The satellite was launched by an Ariane 4 on 8 August 1989. The original goal was to place the satellite in a geostationary orbit above the earth, however a booster rocket failure resulted in a highly elliptical orbit from 507 to 35,888 km altitude. Despite this difficulty, all of the scientific goals were accomplished.

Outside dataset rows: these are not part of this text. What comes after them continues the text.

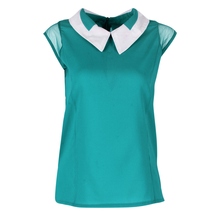 Fashion Women Chiffon Blouse Casual Summer Loose Vest Lapel Tops OL Style Shirt Plus Size Hots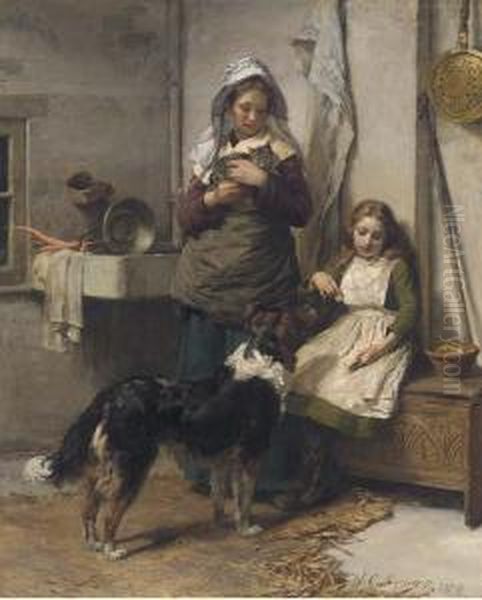 The Favourite Pet Oil Painting by William Christian Symons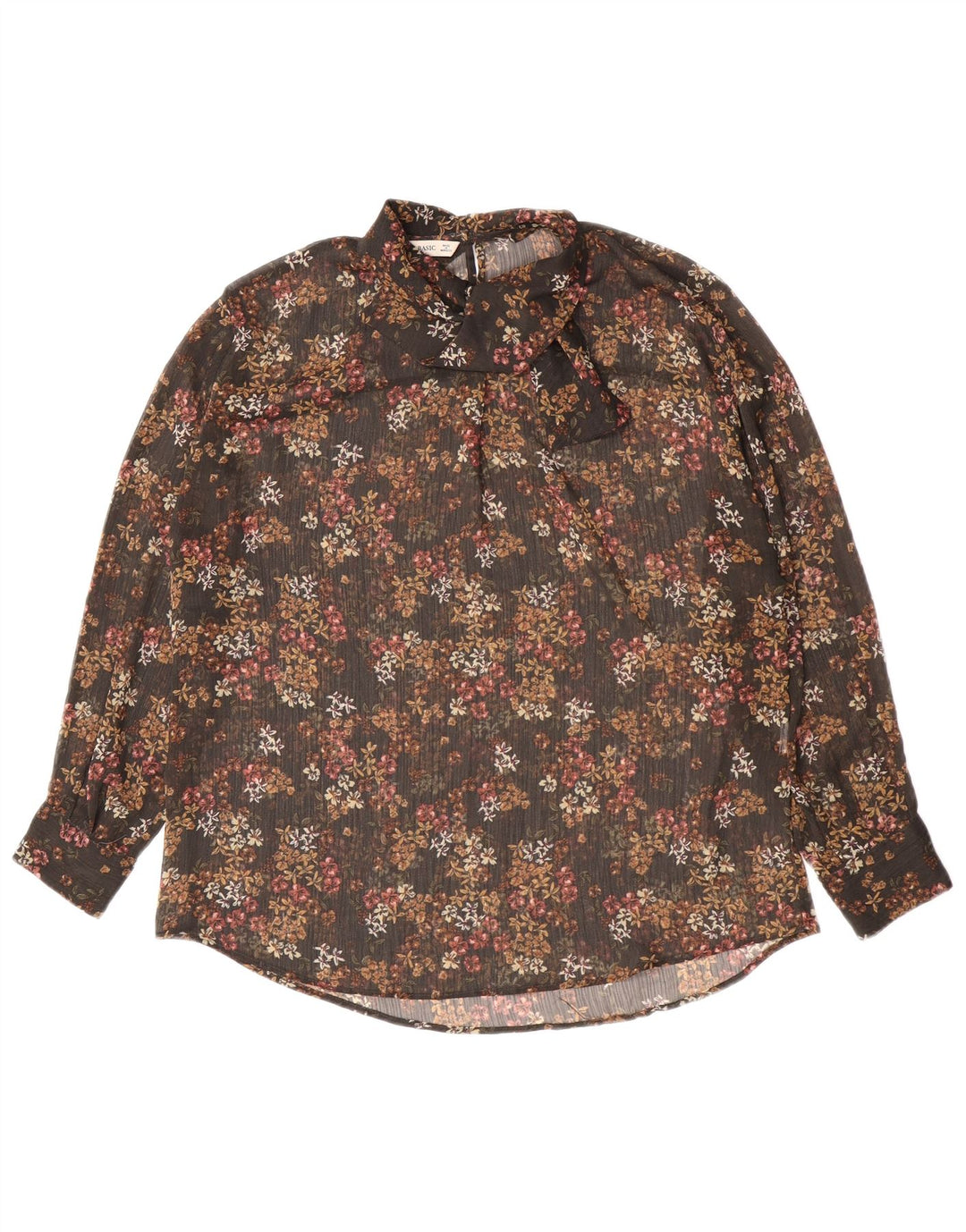 Zara Dame Oversized Se Through Bluse Top UK 6 XS Black Floral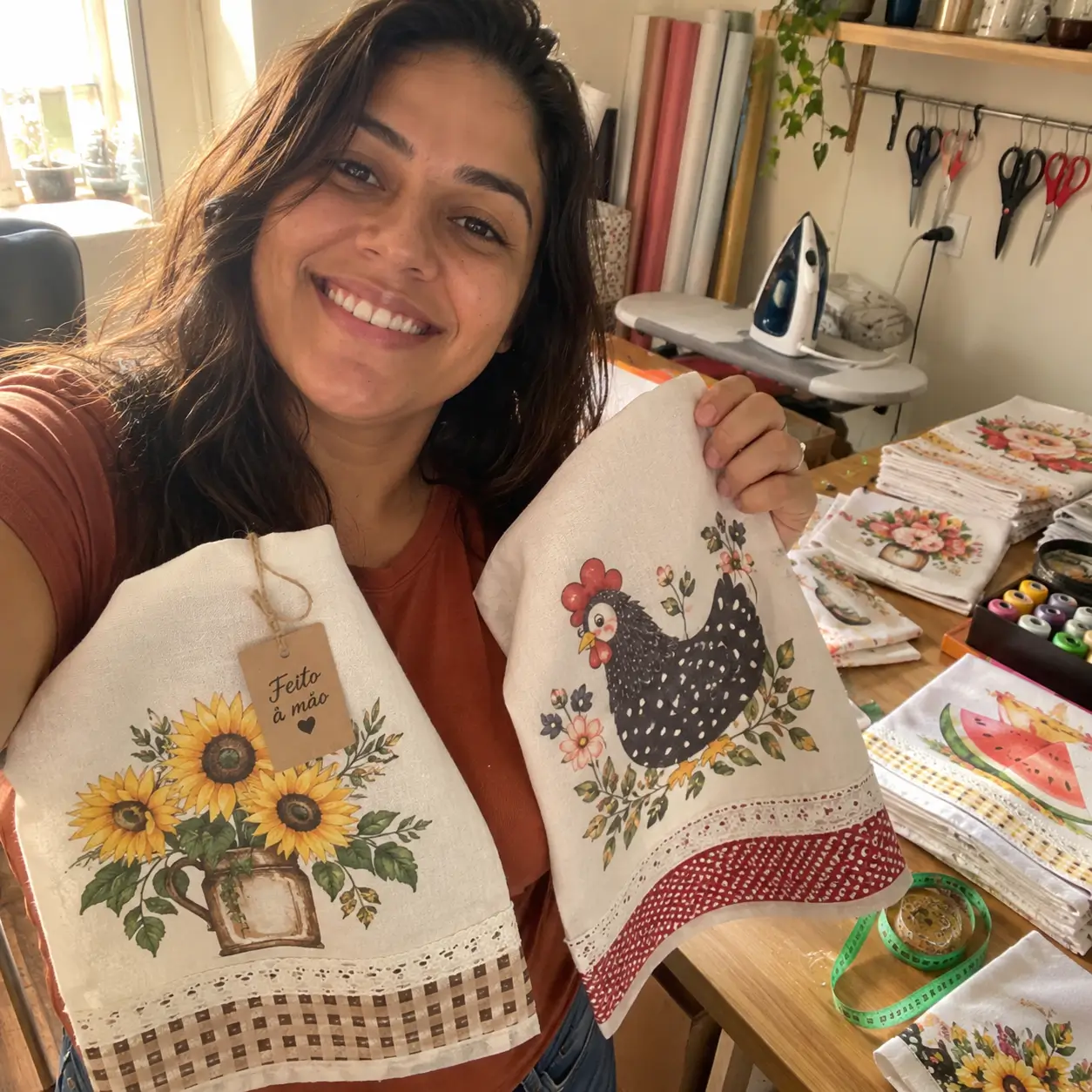 Cintia Veloso mostrando panos de prato estampados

Communications were terminated on 15 August 1993.

The program was divided in two parts: the Hipparcos experiment whose goal was to measure the five astrometric parameters of some 120,000 stars to a precision of some 2 to 4 milli-arcsec and the Tycho experiment, whose goal was the measurement of the astrometric and two-colour photometric properties of some 400,000 additional stars to a somewhat lower precision.

The final Hipparcos Catalogue (120,000 stars with 1 milliarcsec level astrometry) and the final Tycho Catalogue (more than one million stars with 20-30 milliarcsec astrometry and two-colour photometry) were completed in August 1996. The catalogues were published by ESA in June 1997.

The Hipparcos and Tycho data have been used to create the Millennium Star Atlas: an all-sky atlas of one million stars to visual magnitude 11, from the Hipparcos and Tycho Catalogues and 10,000 nonstellar objects included to complement the catalogue data.

There were questions over whether Hipparcos has a systematic error of about 1 milliarcsec in at least some parts of the sky. The value determined by Hipparcos for the distance to the Pleiades is about 10% less than the value obtained by some other methods. As of 2004, the controversy remained unresolved. [1].